Aim of the exercise:
Would you retype each of the records exactly as shown?

Records provided:
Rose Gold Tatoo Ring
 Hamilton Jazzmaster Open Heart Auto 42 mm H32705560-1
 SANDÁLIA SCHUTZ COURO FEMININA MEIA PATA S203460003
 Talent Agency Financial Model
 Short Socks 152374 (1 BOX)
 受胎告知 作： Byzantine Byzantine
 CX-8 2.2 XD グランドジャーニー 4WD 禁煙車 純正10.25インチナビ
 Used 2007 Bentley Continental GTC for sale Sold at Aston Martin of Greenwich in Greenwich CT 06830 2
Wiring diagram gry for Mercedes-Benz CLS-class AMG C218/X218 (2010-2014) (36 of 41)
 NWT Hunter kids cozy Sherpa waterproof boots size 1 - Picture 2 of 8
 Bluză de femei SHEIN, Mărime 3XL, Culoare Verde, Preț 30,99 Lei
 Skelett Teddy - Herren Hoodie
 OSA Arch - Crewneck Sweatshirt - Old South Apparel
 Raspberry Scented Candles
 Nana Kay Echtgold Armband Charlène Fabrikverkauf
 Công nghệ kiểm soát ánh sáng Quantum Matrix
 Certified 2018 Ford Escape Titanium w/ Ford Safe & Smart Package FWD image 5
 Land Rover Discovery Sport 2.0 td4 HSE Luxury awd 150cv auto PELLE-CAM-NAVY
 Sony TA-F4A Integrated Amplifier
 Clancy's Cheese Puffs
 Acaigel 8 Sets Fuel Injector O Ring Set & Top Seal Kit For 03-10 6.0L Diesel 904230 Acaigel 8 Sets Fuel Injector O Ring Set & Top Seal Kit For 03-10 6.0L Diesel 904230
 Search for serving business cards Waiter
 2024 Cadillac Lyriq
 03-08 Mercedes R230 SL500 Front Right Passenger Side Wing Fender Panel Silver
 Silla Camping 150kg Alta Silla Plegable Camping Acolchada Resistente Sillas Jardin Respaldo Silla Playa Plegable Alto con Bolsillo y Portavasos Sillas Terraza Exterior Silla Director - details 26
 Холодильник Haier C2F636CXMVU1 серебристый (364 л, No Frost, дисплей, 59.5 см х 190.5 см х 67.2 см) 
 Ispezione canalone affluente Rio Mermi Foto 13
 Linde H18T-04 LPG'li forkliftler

Task solution:
Rose Gold Tatoo Ring
 Hamilton Jazzmaster Open Heart Auto 42 mm H32705560-1
 SANDÁLIA SCHUTZ COURO FEMININA MEIA PATA S203460003
 Talent Agency Financial Model
 Short Socks 152374 (1 BOX)
 受胎告知 作： Byzantine Byzantine
 CX-8 2.2 XD グランドジャーニー 4WD 禁煙車 純正10.25インチナビ
 Used 2007 Bentley Continental GTC for sale Sold at Aston Martin of Greenwich in Greenwich CT 06830 2
Wiring diagram gry for Mercedes-Benz CLS-class AMG C218/X218 (2010-2014) (36 of 41)
 NWT Hunter kids cozy Sherpa waterproof boots size 1 - Picture 2 of 8
 Bluză de femei SHEIN, Mărime 3XL, Culoare Verde, Preț 30,99 Lei
 Skelett Teddy - Herren Hoodie
 OSA Arch - Crewneck Sweatshirt - Old South Apparel
 Raspberry Scented Candles
 Nana Kay Echtgold Armband Charlène Fabrikverkauf
 Công nghệ kiểm soát ánh sáng Quantum Matrix
 Certified 2018 Ford Escape Titanium w/ Ford Safe & Smart Package FWD image 5
 Land Rover Discovery Sport 2.0 td4 HSE Luxury awd 150cv auto PELLE-CAM-NAVY
 Sony TA-F4A Integrated Amplifier
 Clancy's Cheese Puffs
 Acaigel 8 Sets Fuel Injector O Ring Set & Top Seal Kit For 03-10 6.0L Diesel 904230 Acaigel 8 Sets Fuel Injector O Ring Set & Top Seal Kit For 03-10 6.0L Diesel 904230
 Search for serving business cards Waiter
 2024 Cadillac Lyriq
 03-08 Mercedes R230 SL500 Front Right Passenger Side Wing Fender Panel Silver
 Silla Camping 150kg Alta Silla Plegable Camping Acolchada Resistente Sillas Jardin Respaldo Silla Playa Plegable Alto con Bolsillo y Portavasos Sillas Terraza Exterior Silla Director - details 26
 Холодильник Haier C2F636CXMVU1 серебристый (364 л, No Frost, дисплей, 59.5 см х 190.5 см х 67.2 см) 
 Ispezione canalone affluente Rio Mermi Foto 13
 Linde H18T-04 LPG'li forkliftler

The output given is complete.